Sentí un nudo en la garganta. Recordé las noches en vela, el miedo a no volver a confiar en nadie, la vergüenza de sentirme abandonada. Pero también recordé los veranos en la playa, las cenas improvisadas, las promesas susurradas al oído.
—¿Y si vuelves a irte? —pregunté, con la voz rota—. ¿Y si mañana te despiertas y decides que no puedes más?
—No me iré. No otra vez. Si me dejas, te lo demostraré cada día.
El silencio se hizo espeso entre nosotros. Afuera, la lluvia golpeaba los cristales. Pensé en mi madre, en cómo me diría que no me fíe, que una vez que alguien se va, siempre puede volver a hacerlo. Pensé en mis amigas, en sus miradas de compasión, en sus consejos de que pase página. Pero también pensé en mí, en lo cansada que estaba de estar sola, de fingir que no me importaba, de vivir con el corazón a medias.
—No sé si puedo perdonarte —admití, con lágrimas en los ojos—. No sé si puedo volver a confiar en ti.
Pablo se levantó despacio, se arrodilló frente a mí y me tomó las manos. —No te pido que me perdones hoy. Solo que me dejes intentarlo. Que me dejes demostrarte que he cambiado. Que podemos empezar de nuevo, aunque sea desde cero.
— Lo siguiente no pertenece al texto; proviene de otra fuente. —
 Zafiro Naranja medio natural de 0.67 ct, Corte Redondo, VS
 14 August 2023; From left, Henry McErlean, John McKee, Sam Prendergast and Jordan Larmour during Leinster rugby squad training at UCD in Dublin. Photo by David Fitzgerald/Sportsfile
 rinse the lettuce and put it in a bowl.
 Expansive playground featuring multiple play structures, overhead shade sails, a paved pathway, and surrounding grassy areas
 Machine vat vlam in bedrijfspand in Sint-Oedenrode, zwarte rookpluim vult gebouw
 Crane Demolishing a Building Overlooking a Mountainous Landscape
Sentí su calor, su temblor. Por un instante, quise abrazarle, olvidar el dolor, volver a ser la Lucía de antes. Pero ya no era la misma. Había aprendido a vivir sola, a ser fuerte, a no depender de nadie.
—No prometas lo que no puedes cumplir —susurré, apartando la mirada—. No soy la misma que se quedó llorando en esta casa hace un año.
—Lo sé —dijo él, y en sus ojos vi miedo, pero también esperanza—. Pero yo tampoco soy el mismo que se marchó.
Nos quedamos así, en silencio, con el peso de todo lo no dicho flotando entre nosotros. Afuera, la lluvia seguía cayendo, como si el mundo entero estuviera llorando con nosotros.
¿Se puede reconstruir un corazón roto? ¿O hay heridas que nunca terminan de cerrar? ¿Vosotros qué haríais en mi lugar?